The needed output is the run of lines below from the one containing "Gymshark Energy Cropped" through the one containing "Bolu'da Ücretsiz Spor Okulları Başladı", copied exactly and free of pictures.

→ **Data**
* * *

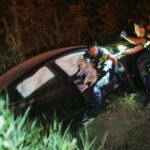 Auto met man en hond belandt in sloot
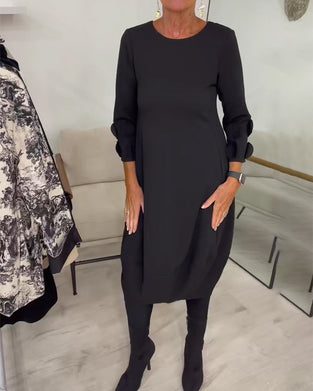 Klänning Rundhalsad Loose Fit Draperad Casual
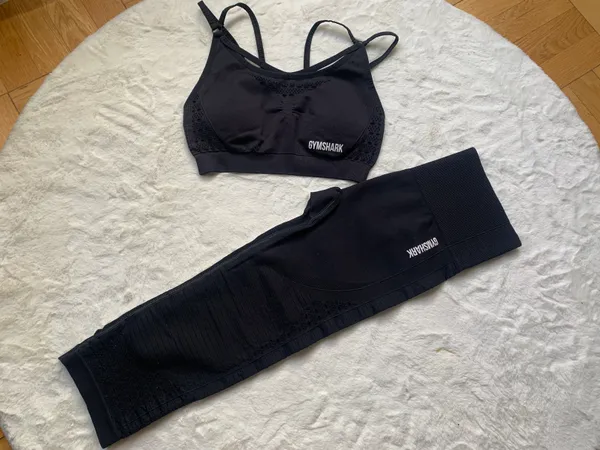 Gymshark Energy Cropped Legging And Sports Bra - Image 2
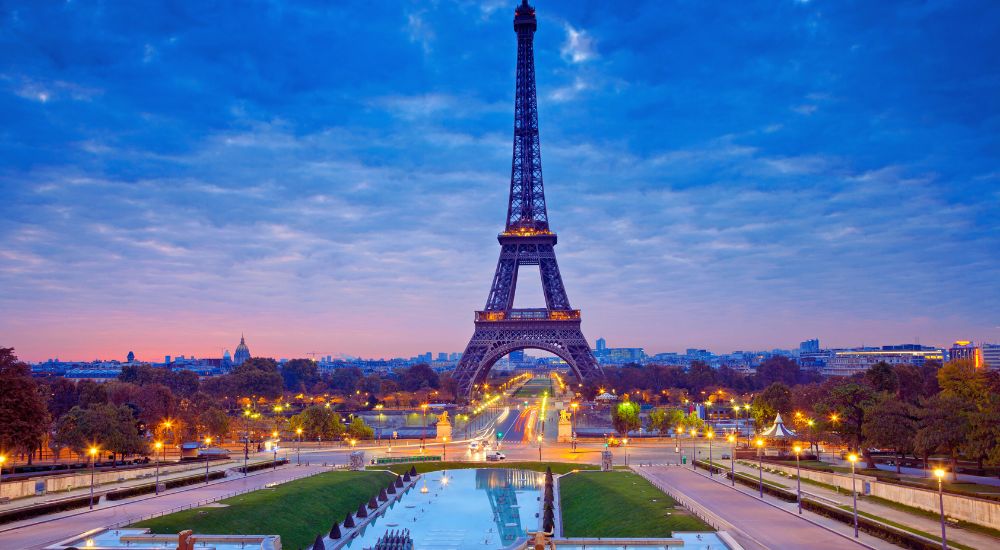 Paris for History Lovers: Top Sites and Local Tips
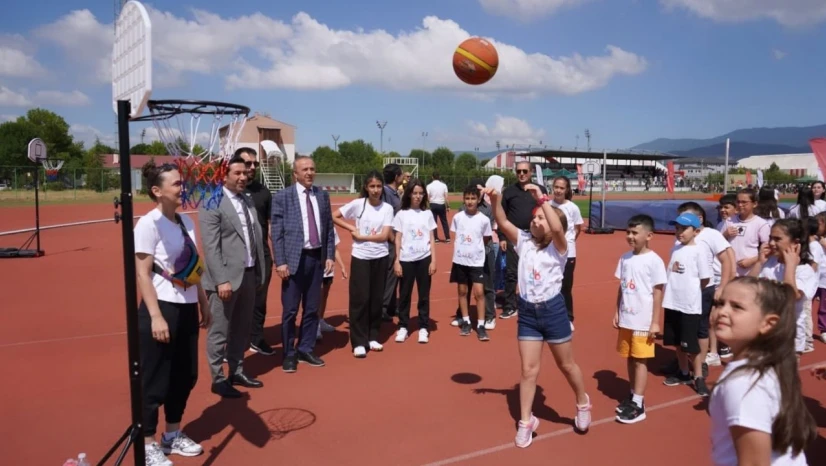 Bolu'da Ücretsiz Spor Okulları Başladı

* * *

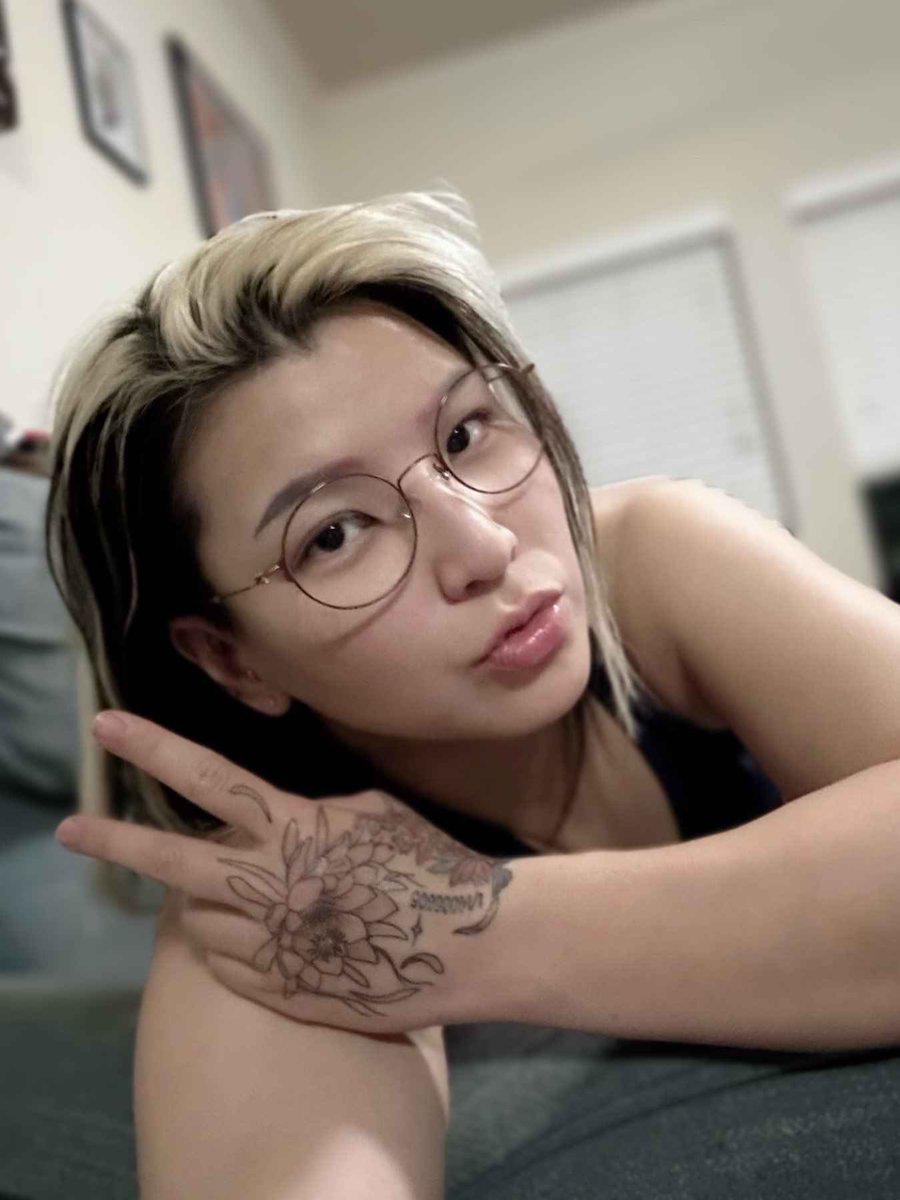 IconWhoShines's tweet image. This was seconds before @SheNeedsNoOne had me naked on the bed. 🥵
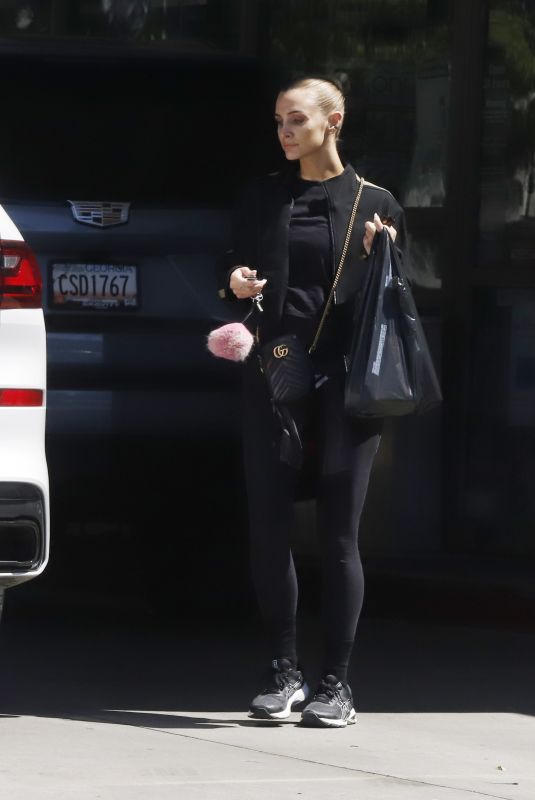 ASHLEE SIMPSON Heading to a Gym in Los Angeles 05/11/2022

* * *

→ **Solution to the problem**
 Gymshark Energy Cropped Legging And Sports Bra - Image 2
 Paris for History Lovers: Top Sites and Local Tips
 Bolu'da Ücretsiz Spor Okulları Başladı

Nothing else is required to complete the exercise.